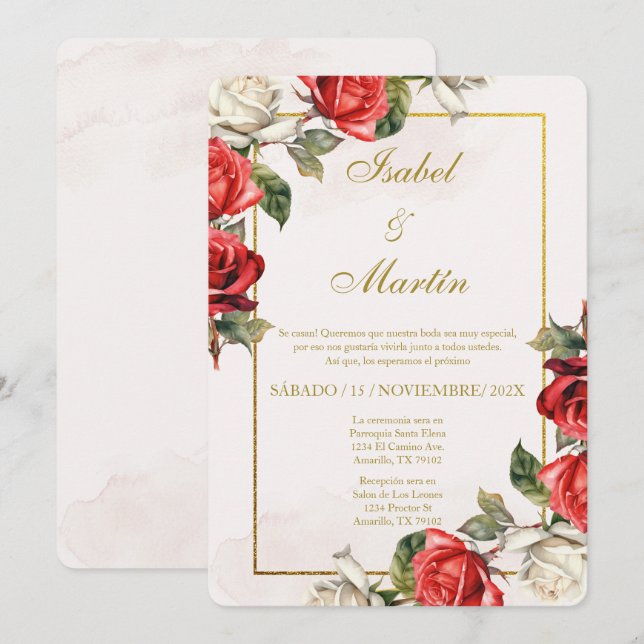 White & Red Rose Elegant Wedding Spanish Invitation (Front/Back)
==
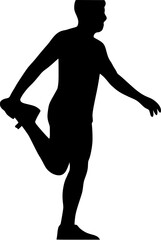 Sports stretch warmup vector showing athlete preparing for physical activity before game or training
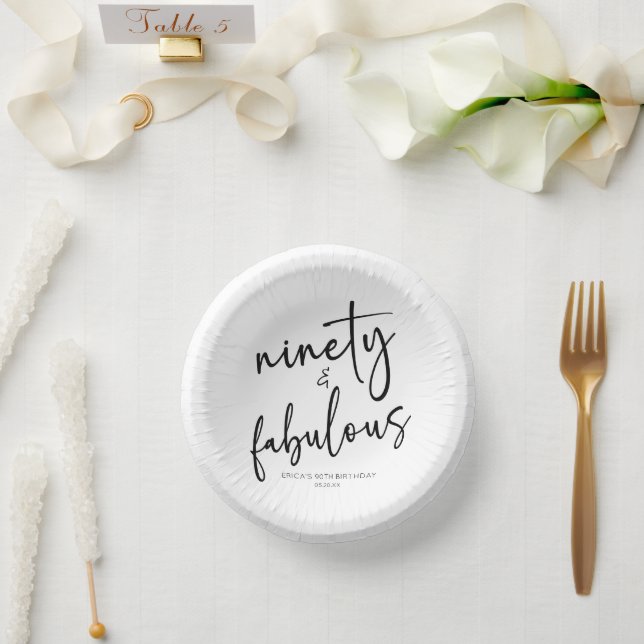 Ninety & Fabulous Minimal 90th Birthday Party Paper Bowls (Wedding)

TASK ITEM >> Within the entries above, give again exactly the lines starting at the one that contains "Sports stretch warmup" and ending at the one that contains "Ninety & Fabulous", leaving out the pictures.

RESULT >>
 Sports stretch warmup vector showing athlete preparing for physical activity before game or training
 Ninety & Fabulous Minimal 90th Birthday Party Paper Bowls (Wedding)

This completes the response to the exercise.